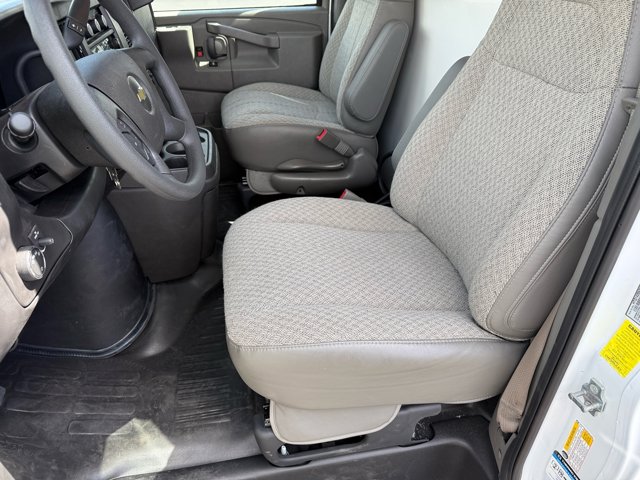Vehicle image 12 of 26
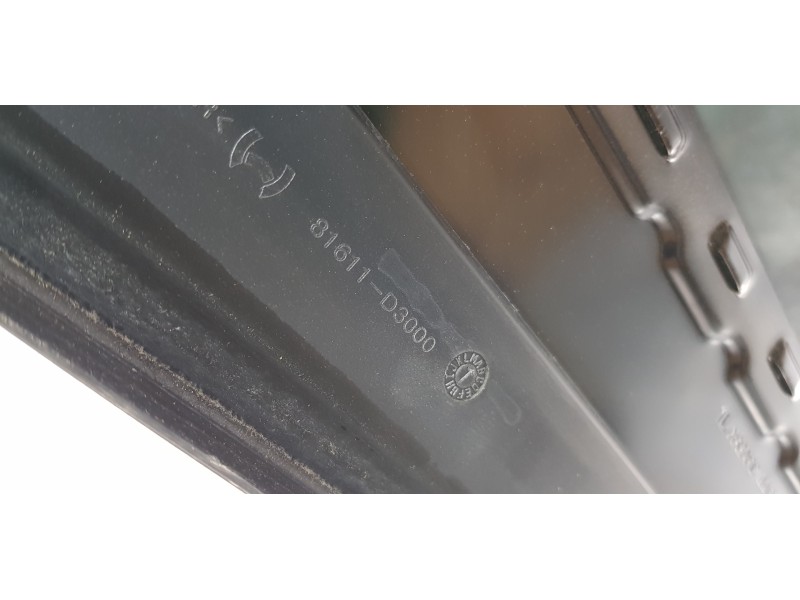 Recambio de techo para hyundai tucson ix35 referencia OEM IAM 81611D3000 H3100D3000 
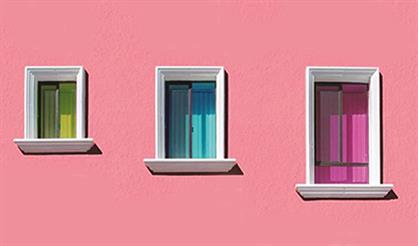 Он, она, окно, покойник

**Description of the task:**
Every line above should be repeated exactly; pictures stay out of the copy.

**Response to the task:**
Vehicle image 12 of 26
 Recambio de techo para hyundai tucson ix35 referencia OEM IAM 81611D3000 H3100D3000 
 Он, она, окно, покойник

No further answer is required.